Copy word for word, please, the lines of the entries below running from the one containing "Garden table and 4 chairs" to the one containing "A054RP Boîte de", both ends included.

## MATERIAL FOR THE TASK
-*-*-

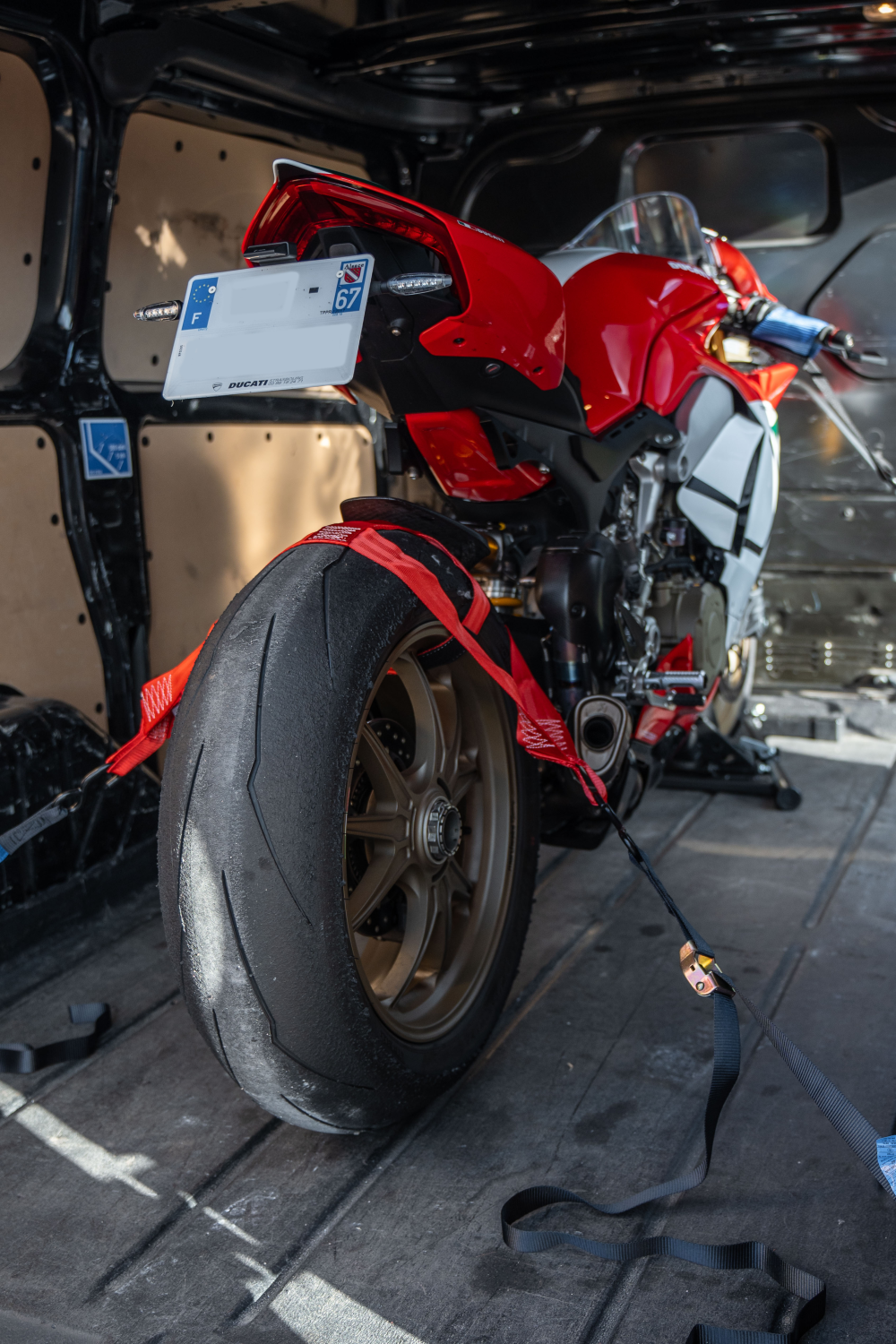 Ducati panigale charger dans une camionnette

-*-*-

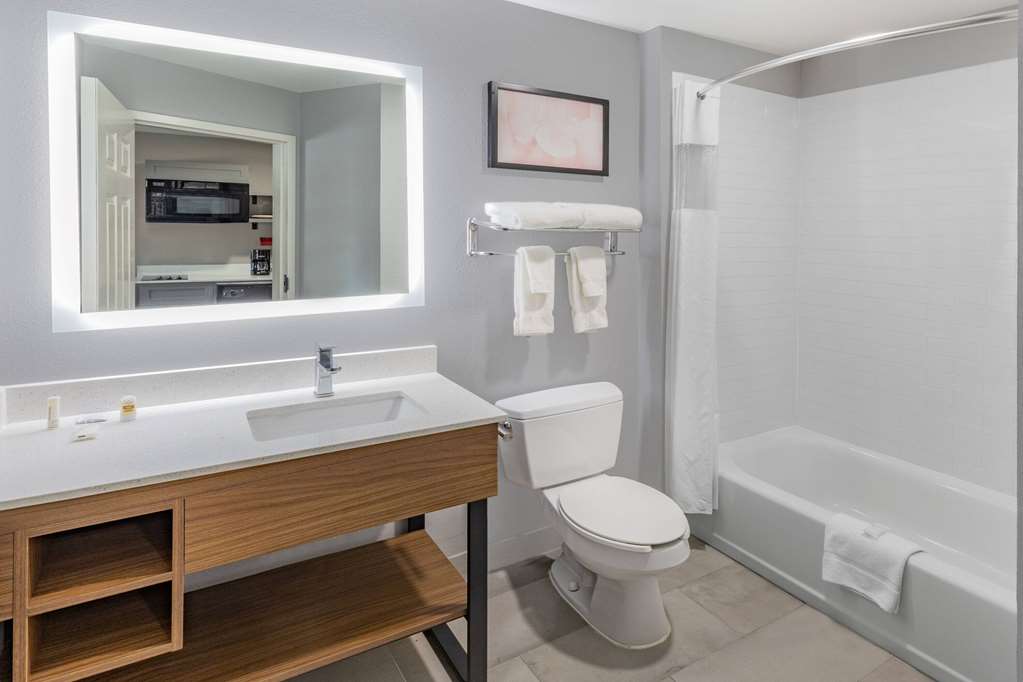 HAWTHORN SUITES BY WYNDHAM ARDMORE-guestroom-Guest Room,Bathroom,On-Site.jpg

-*-*-

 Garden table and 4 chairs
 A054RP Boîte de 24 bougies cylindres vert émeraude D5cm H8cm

-*-*-

## ANSWER TO THIS PROBLEM
 Garden table and 4 chairs
 A054RP Boîte de 24 bougies cylindres vert émeraude D5cm H8cm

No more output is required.